> **Task instructions**: From the data that follows, set down exactly the lines from the one with "202 E 3rd Street Uhrichsville OH 44683" through the one with "Pies hombres de la tribu Masai", counting both. Pictures stay out.

> **Given entries**:
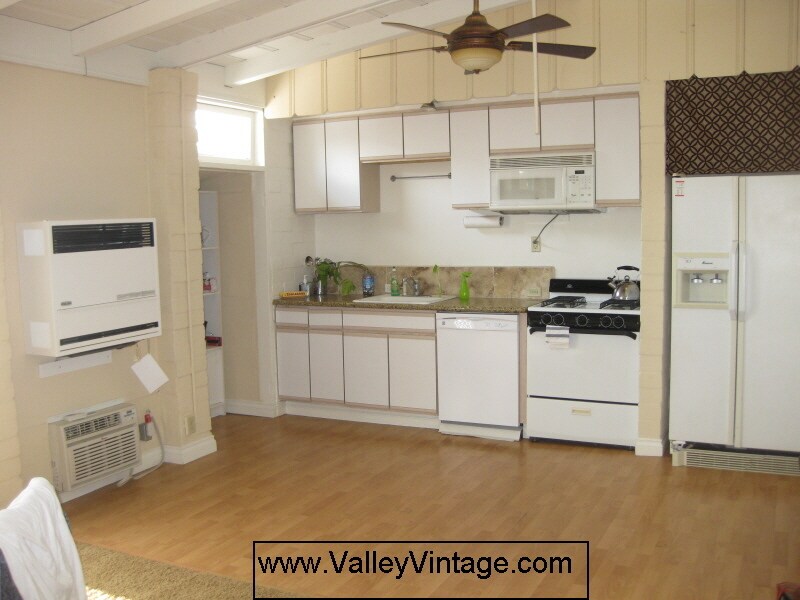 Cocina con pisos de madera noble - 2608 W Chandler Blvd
---
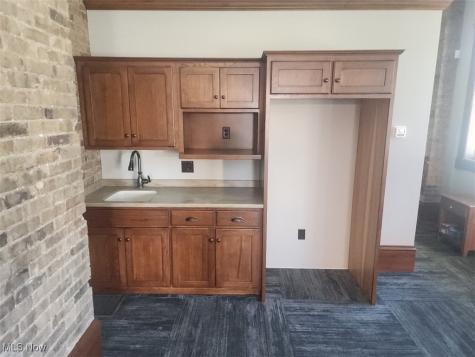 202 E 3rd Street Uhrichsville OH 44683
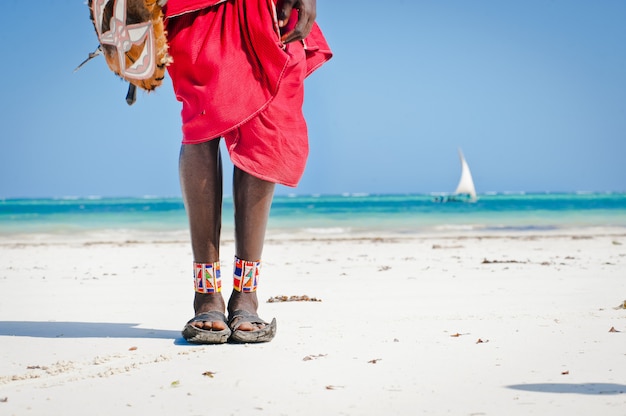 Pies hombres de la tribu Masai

> **Response to this task**:
 202 E 3rd Street Uhrichsville OH 44683
 Pies hombres de la tribu Masai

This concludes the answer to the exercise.